Sutter, who was named on two-thirds of the ballots in his twelfth appearance on the ballot, and Gossage who was named on slightly more than half of them in his seventh year of eligibility, face increasingly long odds in their pursuit of baseball immortality.

Their best opportunity clearly will be next year when the list of eligible players won’t include any clear marquee names. After that, in 2007, the list will include Cal Ripken, Tony Gwynn and Mark McGuire. I wouldn’t want to be on that list unless my last name were Mays.

Tuesday, January 04, 2005

Milestones and Musings

The Hall of Fame announces its selections today. The guess here is that Wade Boggs and Ryne Sandberg will be elected. Both are deserving. Many arguments pro and con have been made regarding the candidacies of Bruce Sutter and Goose Gossage, two dominant relievers in their era. The most compelling advocates include Alan Schwartz whose excellent piece in the New York Times points out that both men pitched in an era when closers worked more than one or two batters let alone an inning and when saves were literally harder to earn.

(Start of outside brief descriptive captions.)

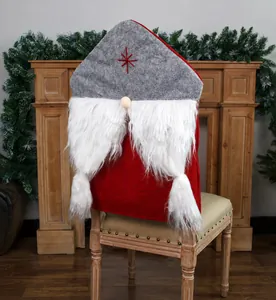Close-up of a red Christmas gnome chair cover with long white beard and star embroidery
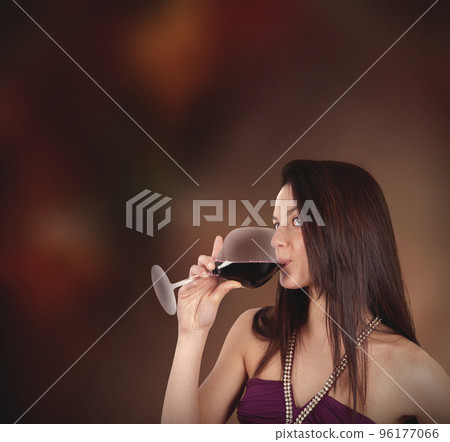 Girl drinking wine 96177066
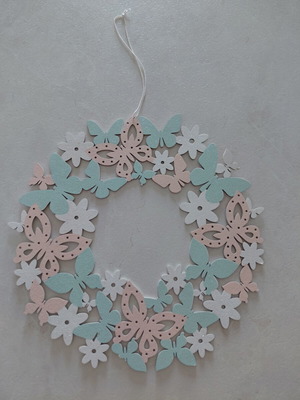 Decorative wreath made of wood with butterflies and flowers, new
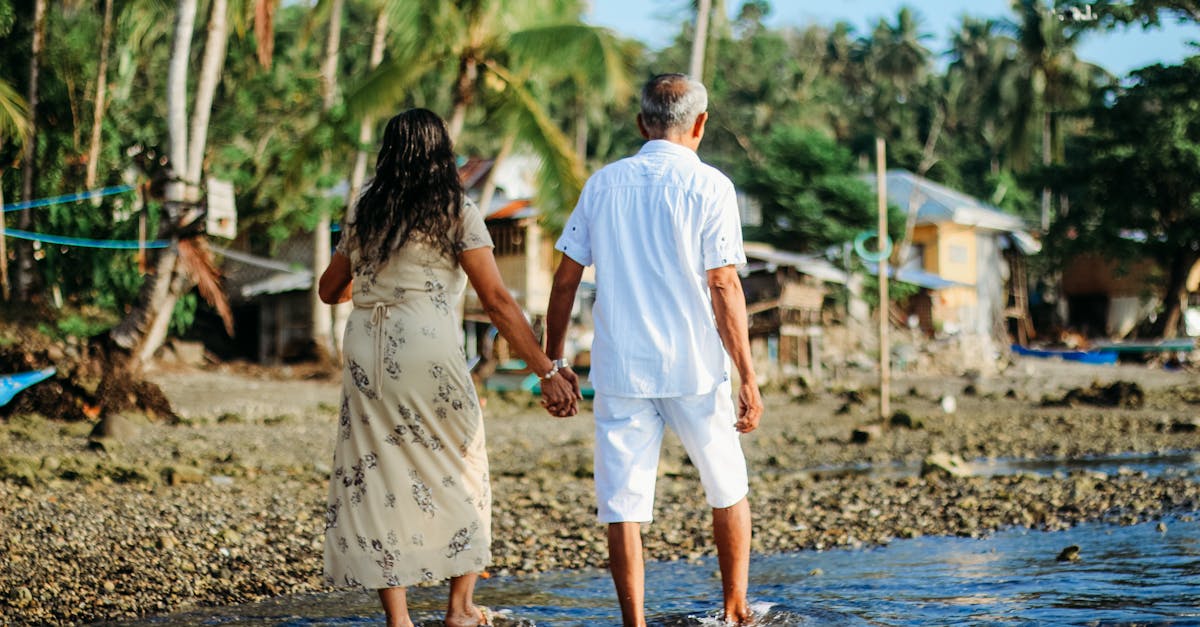 Casal de idosos caminhando de mãos dadas em uma praia tropical com palmeiras ao fundo. — Foto: Marc Majam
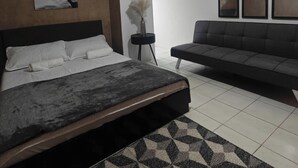 Un dormitorio con una cama, un sofá, un cuadro y un jarrón con flores secas.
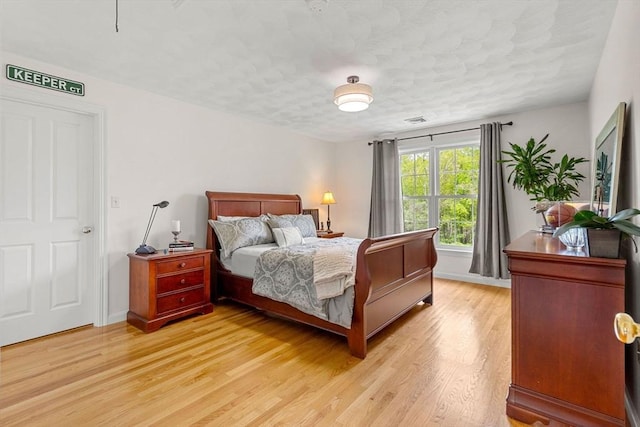 6 Bishop Ln, Middleton, MA 01949 - bedroom featuring light wood-type flooring, a textured ceiling, and baseboards
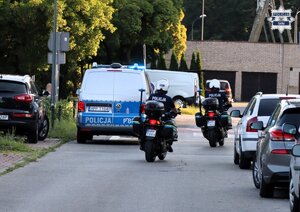 Umundurowani policjanci Wydziału Ruchu Drogowego jadący na motocyklach. W tle widoczny oznakowany radiowóz Policji.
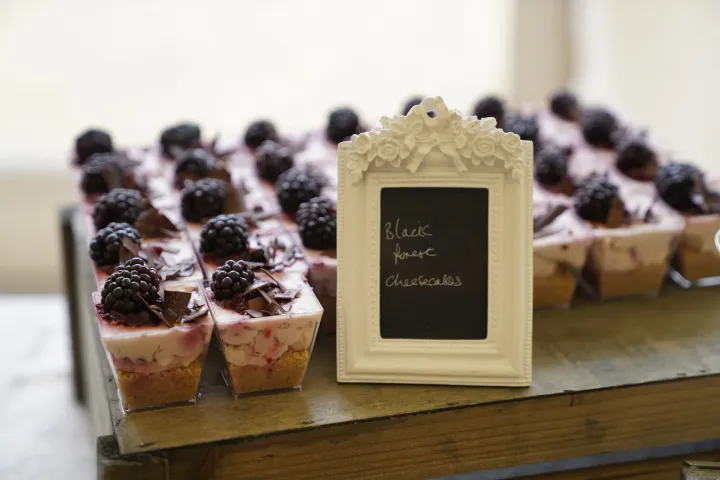 Individual berry desserts on a rustic display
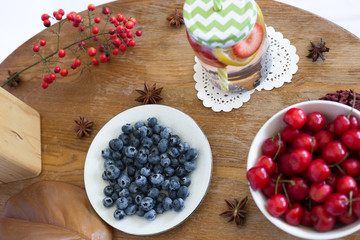 Red cherry, blueberry in the white bowl, water with lemon and strawberry in glass jar on the table. Fruit, fruits. berries. Summer vibes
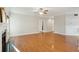 Bright living room featuring hardwood floors and access to other rooms at 8716 Dover Creek St, North Charleston, SC 29420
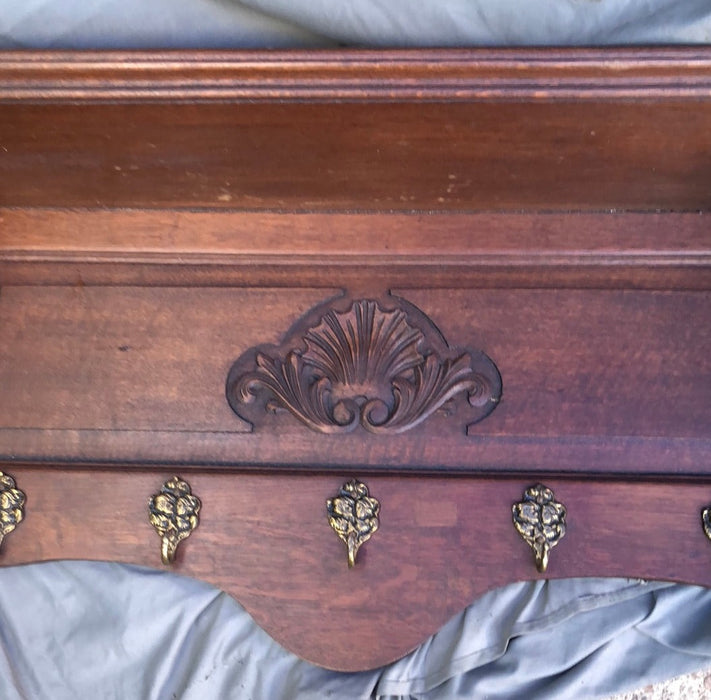 DARK OAK WALL SHELF WITH CENTER CARVED SHELL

My argument on their behalf is quite simple: both Sutter and Gossage largely defined the modern role of a dominant closer and it is now axiomatic that a team lacking one cannot hope to win a championship. In other words, they changed the game.

* * * * * * *

The St. Louis Cardinals are rumored to be pursuing a deal with 37-year old second baseman Roberto Alomar. The Cardinals could have had Placido Polanco but apparently didn’t attempt to sign him. Why they failed to make Polanco an offer is a complete mystery to me. Not only is he considerably younger and a much better player than Alomar at this point, he is a known commodity whom the Cards really like.

I remain convinced the Phillies plan to move Polanco. There is no place for him to play every day and he isn’t a utility man. The only way Polanco remains with the Phillies throughout the 2005 season is if something happens to David Bell.

* * * * * * *

Another rumor that has been floated alleges that once the Randy Johnson deal is completed and Javier Vazquez is the property of the Diamondbacks, Arizona will turn around and deal the young right-hander to the Phillies for Randy Wolf. Vazquez is already on record as saying he didn’t want to be traded away from the East Coast (that’s a switch!!!) so one might make a case for trading him back to a club there. But if the Phils trade Wolf for Vazquez, they will have a starting staff made up solely of right-handers, an untenable situation.